Todo asépticamente liofilizado, compartimentado y sin genético contexto: una enciclopedia de relieves. Los axiomas de Babel gravitando en atmósfera cero, anticipados por la diégesis borgiana: el museo existe en la eternidad del orden fundacional, obra de un demiurgo menor o del azar sus operarios; el número limitado y universal de símbolos agota todas las manifestaciones posibles del espíritu, cuya sucesión es inimaginable, perpetuándose a sí en una infame memoria, inabarcable mas no infinita, prueba de la naturaleza caótica e informe del tiempo. Bajo cada pieza expuesta caben formas inconexas, líneas divergentes aún no trazadas y ya ruinosas, palabras no pronunciadas, frases incoherentes de una lengua no nacida o proscrita. 

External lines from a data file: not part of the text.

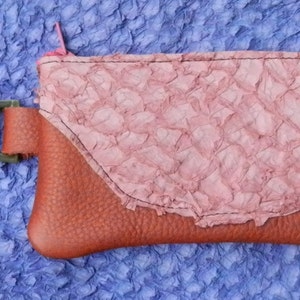 Handmade Leather Zipper Wallet / Clip On smart phone tote , FISH SKIN on top shelf italian cowhide Swivel Snap. 3.5 x 7 image 1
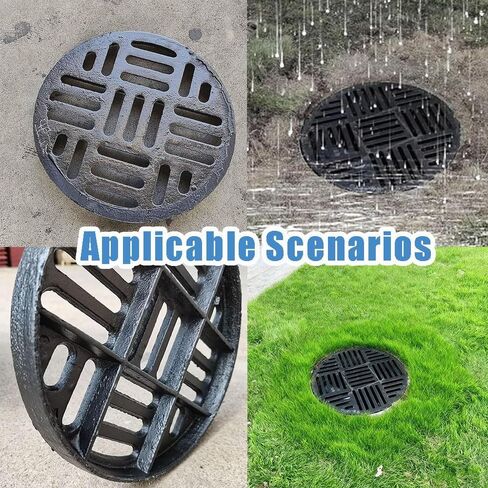 Heavy Duty Cast Iron Round Drain Grate - 8-27" Replacement Covers for Driveway & Concrete Drainage, Weatherproof, Easy Installation, Durable Sewer Grate for Long-Lasting Use,70x3cm-27.5x1.2in in Saudi Arabia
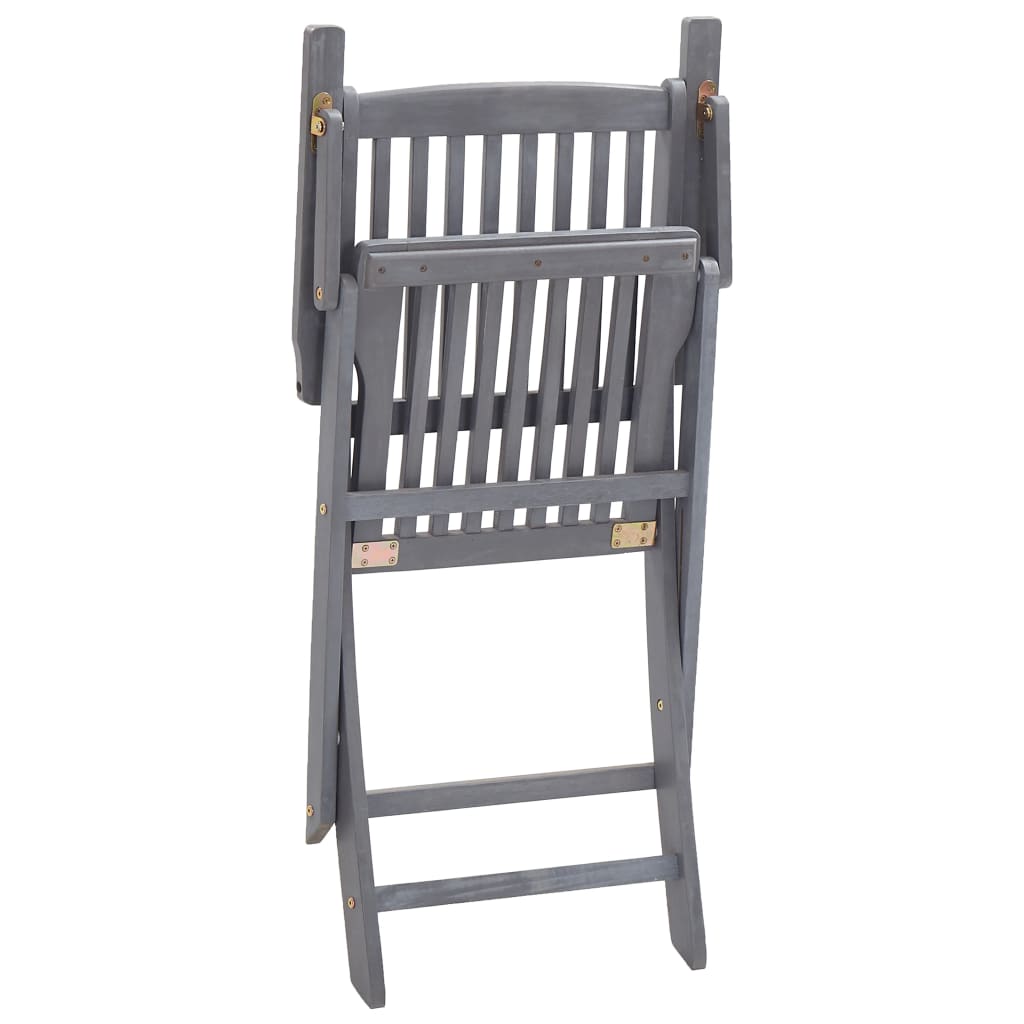 Set Mobilier De Grădină, 7 Piese, Gri, Lemn Masiv De Acacia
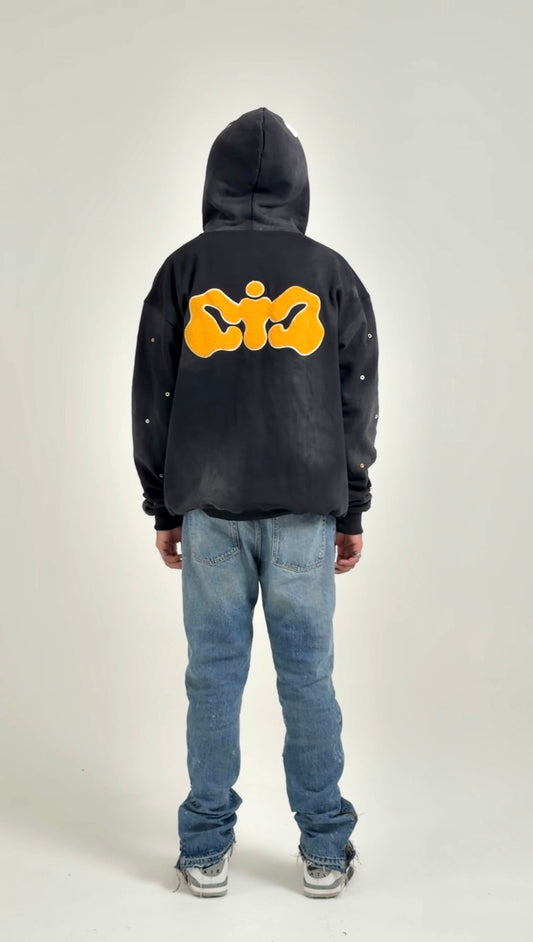 CIC Chenille Varsity Zip Up in Black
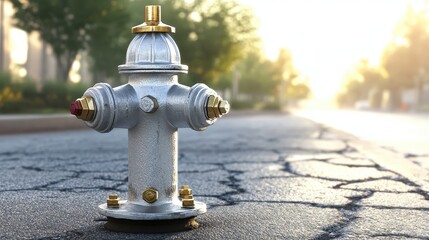 Naklejka premium A gleaming silver fire hydrant with brass accents stands on a cracked asphalt street with a blurred background of trees and sunlight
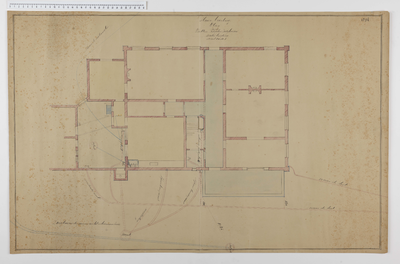 1190-7 Plattegrond van het huis Arenberg bij De Bilt, met weergave van een plan voor de aanleg van riolering en waterleiding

Herméticas esferas de Hubble de translúcidas fronteras en las que los objetos se difuminan por infracción de su utilidad o violación de la morfología del universo, en fuga hacia sus pudorosos espectros, o aglutinantes ensayos de multiverso desde la arrebatada reivindicación humana del mundo como posesión, ilimitados en su abstracta extensión, como la redentora historia, y condenados a la periódica repetición, que nunca serán Aleph.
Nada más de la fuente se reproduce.